*** Input ***

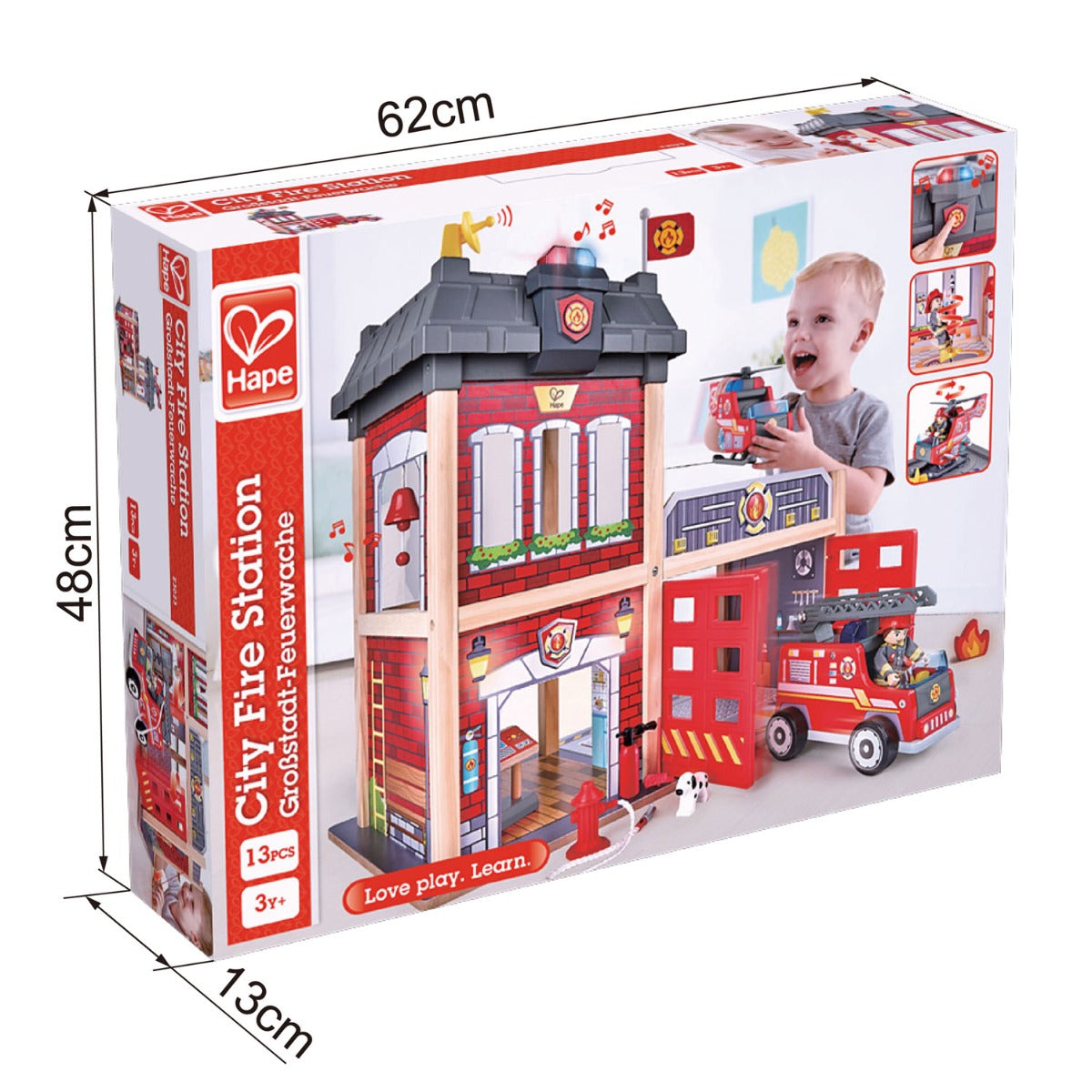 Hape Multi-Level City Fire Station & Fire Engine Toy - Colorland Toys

***
*** Input ***

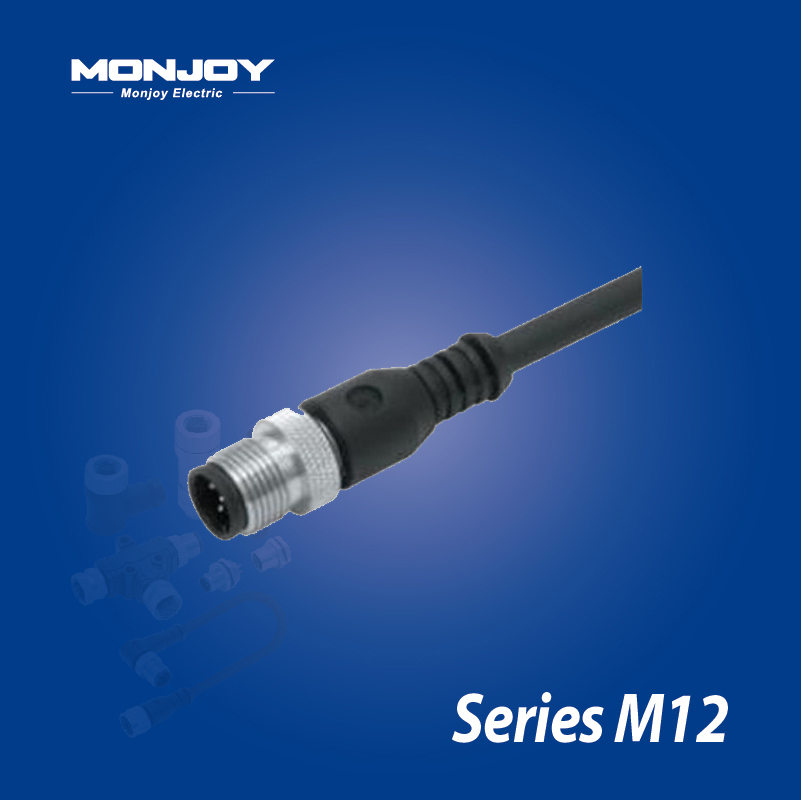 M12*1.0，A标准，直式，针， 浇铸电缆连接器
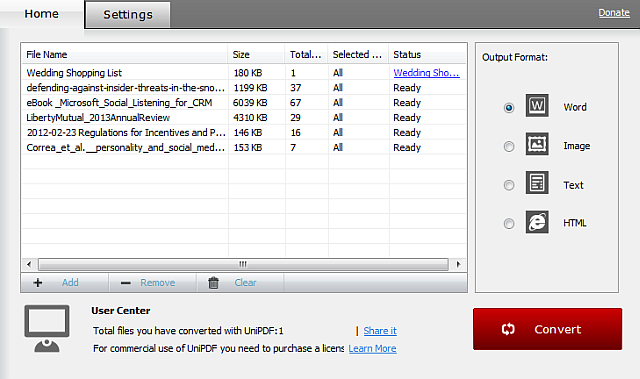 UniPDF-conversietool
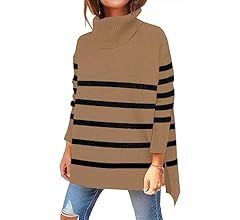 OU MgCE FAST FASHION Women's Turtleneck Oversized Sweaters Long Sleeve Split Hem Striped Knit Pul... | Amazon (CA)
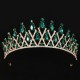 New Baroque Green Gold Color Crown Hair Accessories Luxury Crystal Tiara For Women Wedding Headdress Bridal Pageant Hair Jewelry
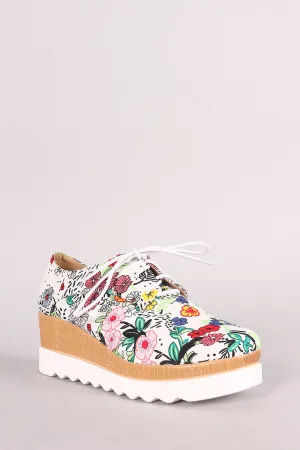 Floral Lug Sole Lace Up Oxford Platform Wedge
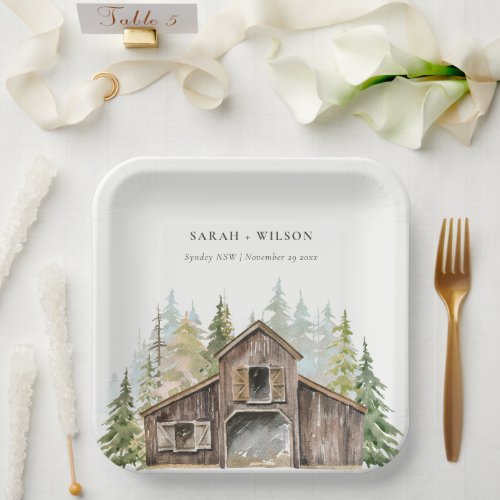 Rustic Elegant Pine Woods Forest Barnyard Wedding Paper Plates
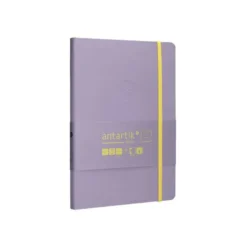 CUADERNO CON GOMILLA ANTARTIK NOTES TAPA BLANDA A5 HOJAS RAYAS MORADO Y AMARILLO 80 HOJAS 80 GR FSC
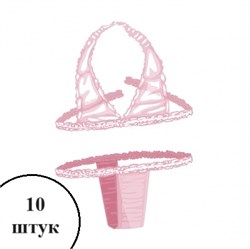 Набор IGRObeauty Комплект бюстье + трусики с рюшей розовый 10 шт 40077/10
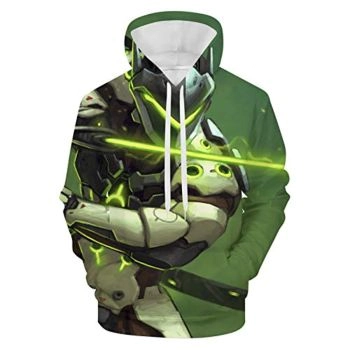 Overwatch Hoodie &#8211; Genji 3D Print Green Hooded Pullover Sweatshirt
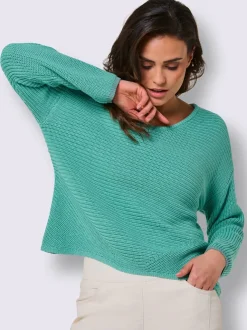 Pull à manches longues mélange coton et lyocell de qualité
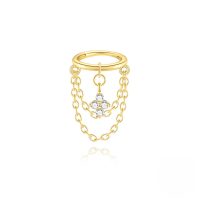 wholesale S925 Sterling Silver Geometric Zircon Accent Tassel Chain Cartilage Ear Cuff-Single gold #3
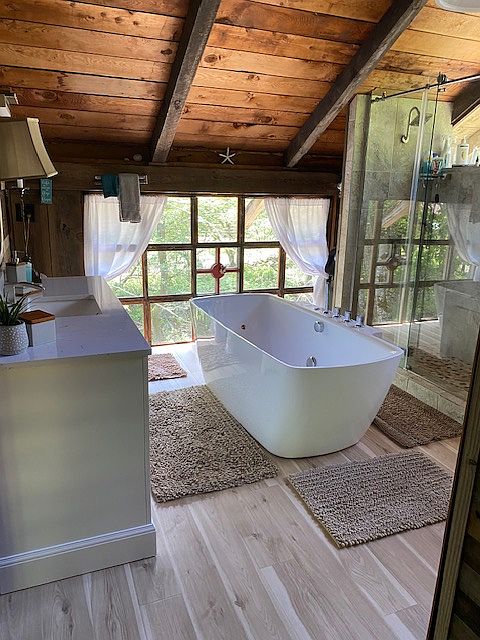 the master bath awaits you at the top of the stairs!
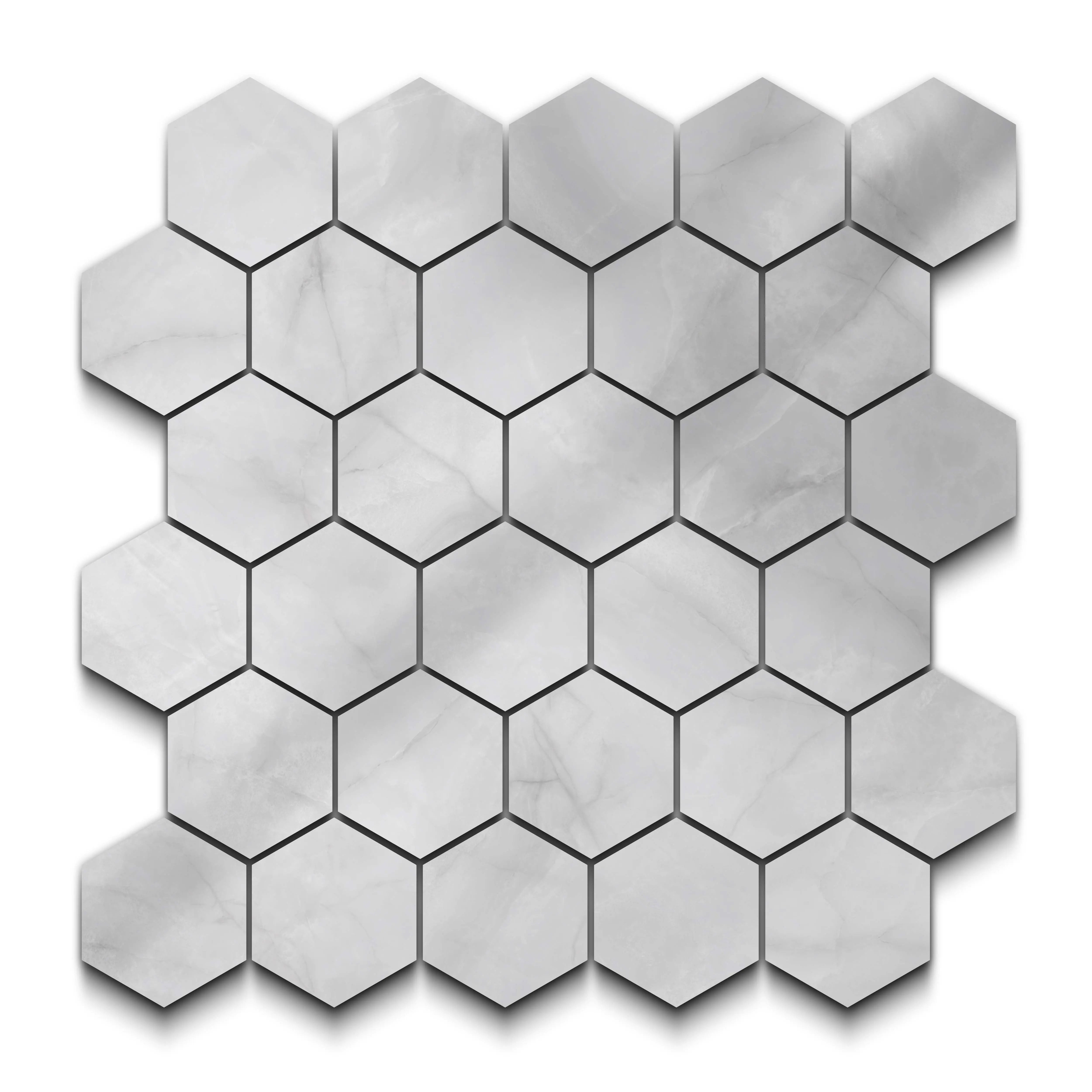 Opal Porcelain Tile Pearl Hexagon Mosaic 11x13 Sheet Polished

***
*** Input ***

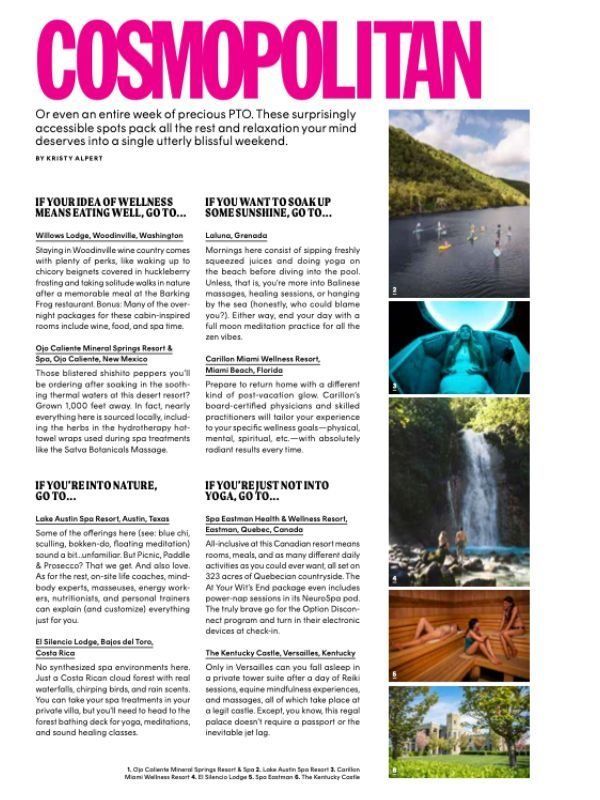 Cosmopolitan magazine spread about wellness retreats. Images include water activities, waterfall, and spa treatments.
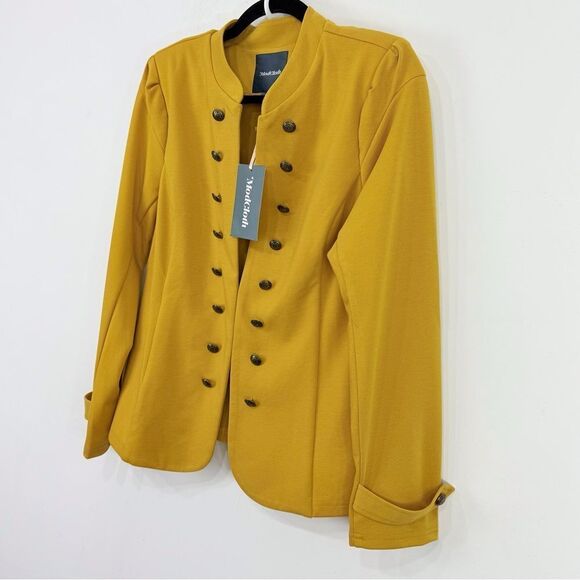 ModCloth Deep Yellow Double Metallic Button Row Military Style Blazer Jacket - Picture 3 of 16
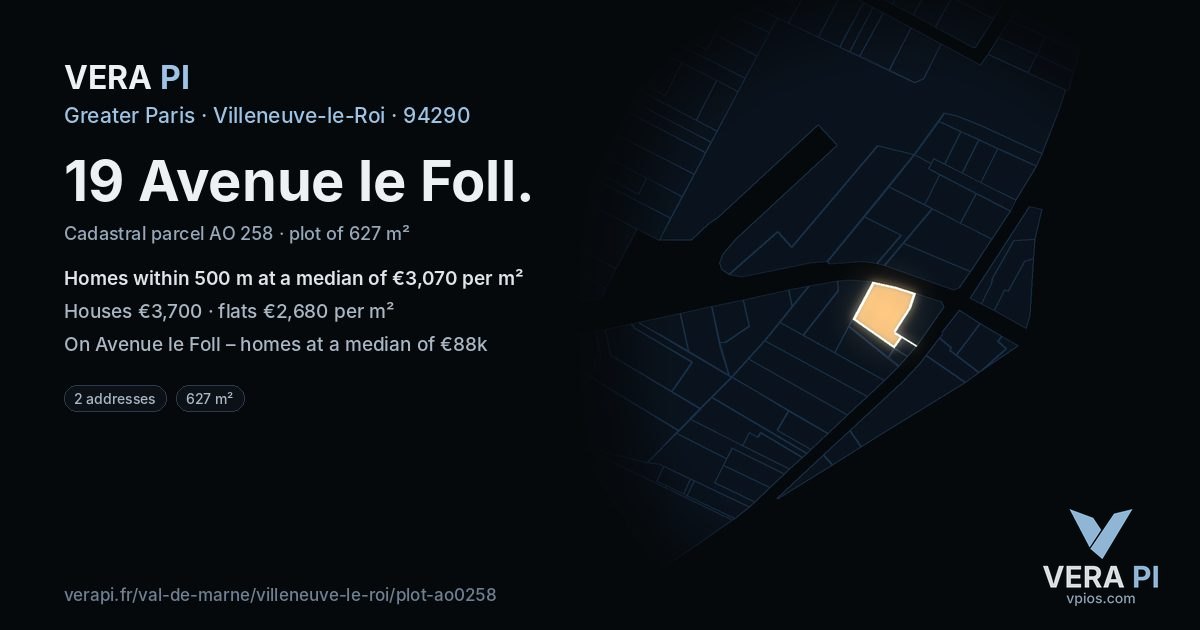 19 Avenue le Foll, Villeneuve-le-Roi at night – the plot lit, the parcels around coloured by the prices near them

***

→ What you should do
Although the records above contain pictures, the copy must not; set down exactly the lines from the one with "New Baroque Green" up to and including the one with "Pull à manches".

→ Your response
 New Baroque Green Gold Color Crown Hair Accessories Luxury Crystal Tiara For Women Wedding Headdress Bridal Pageant Hair Jewelry
 Floral Lug Sole Lace Up Oxford Platform Wedge
 Rustic Elegant Pine Woods Forest Barnyard Wedding Paper Plates
 CUADERNO CON GOMILLA ANTARTIK NOTES TAPA BLANDA A5 HOJAS RAYAS MORADO Y AMARILLO 80 HOJAS 80 GR FSC
 Набор IGRObeauty Комплект бюстье + трусики с рюшей розовый 10 шт 40077/10
 Overwatch Hoodie &#8211; Genji 3D Print Green Hooded Pullover Sweatshirt
 Pull à manches longues mélange coton et lyocell de qualité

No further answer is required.